- [Provided data]:
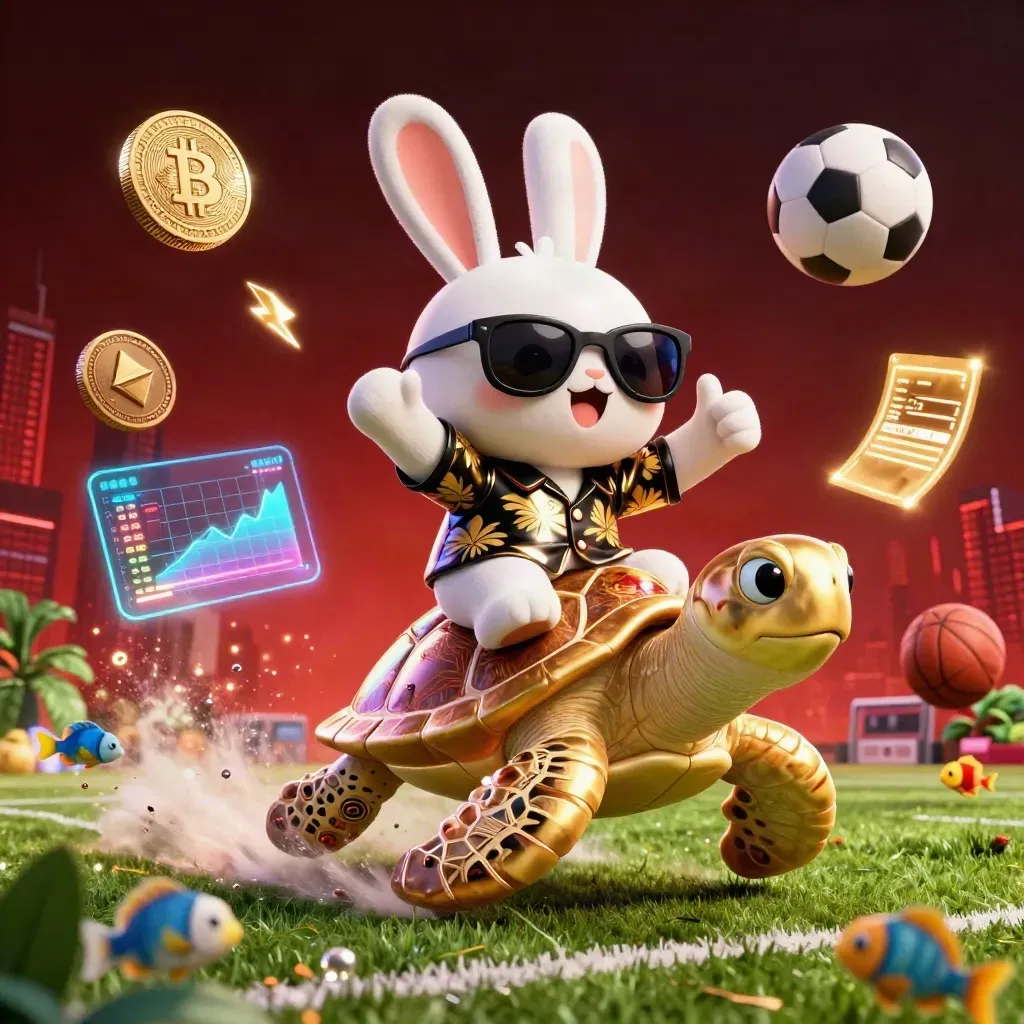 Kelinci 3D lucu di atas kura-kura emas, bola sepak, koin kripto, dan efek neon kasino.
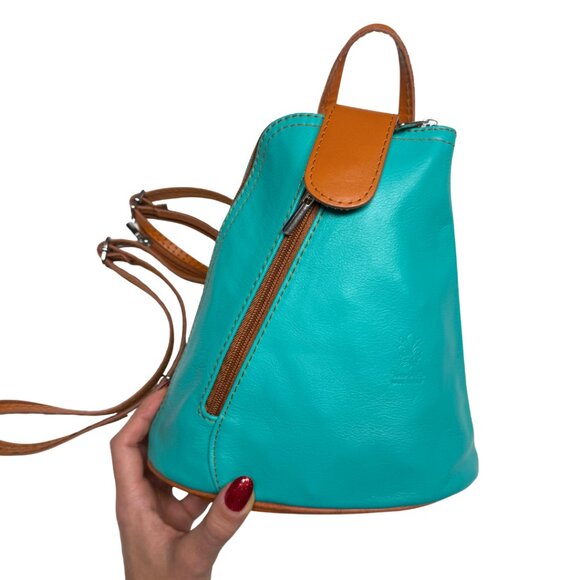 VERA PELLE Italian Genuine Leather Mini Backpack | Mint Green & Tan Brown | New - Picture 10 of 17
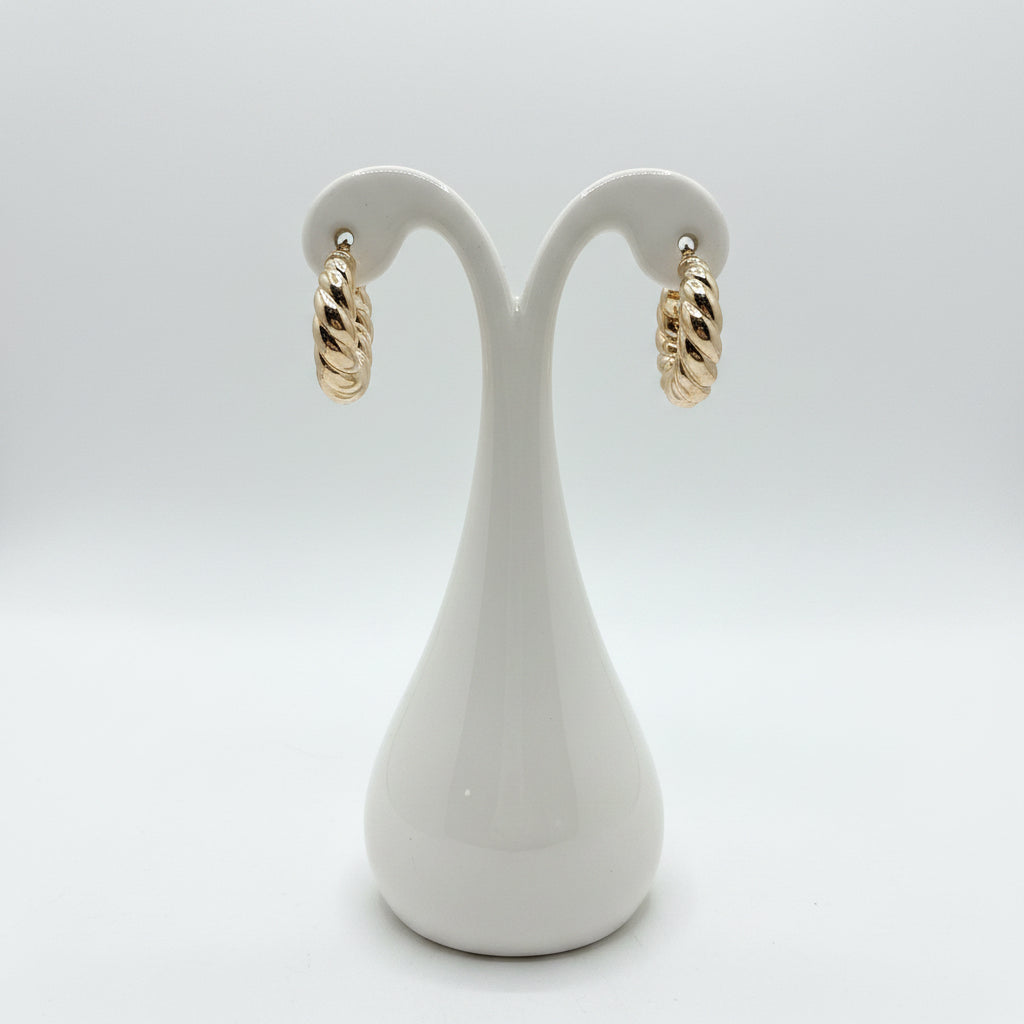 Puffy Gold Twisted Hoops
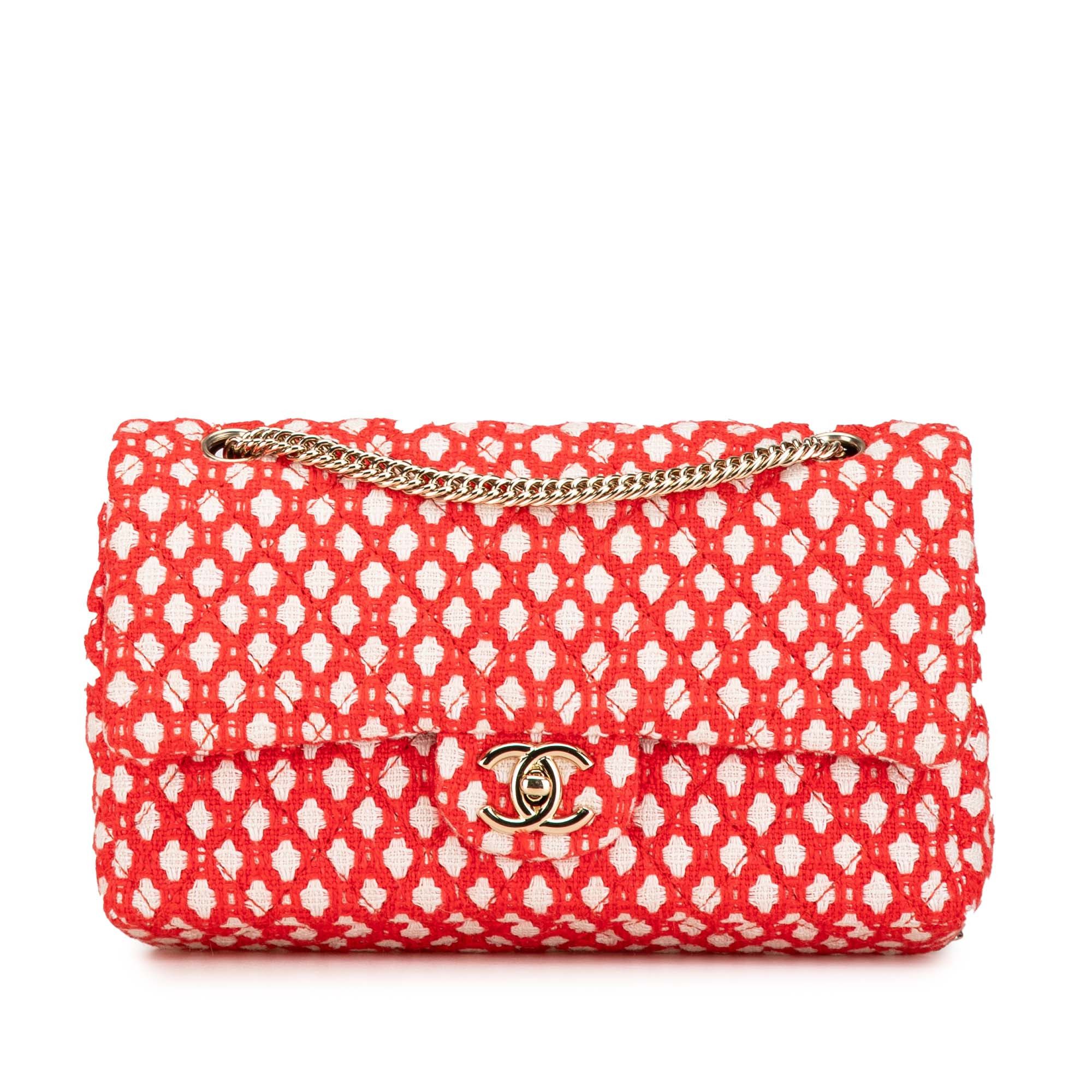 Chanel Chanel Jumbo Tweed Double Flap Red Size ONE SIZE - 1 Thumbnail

- [What is needed]:
The copy must begin at the line containing "VERA PELLE Italian" and end at the last line of the data above, with every line retyped exactly and no pictures included.

- [Task solution]:
 VERA PELLE Italian Genuine Leather Mini Backpack | Mint Green & Tan Brown | New - Picture 10 of 17
 Puffy Gold Twisted Hoops
 Chanel Chanel Jumbo Tweed Double Flap Red Size ONE SIZE - 1 Thumbnail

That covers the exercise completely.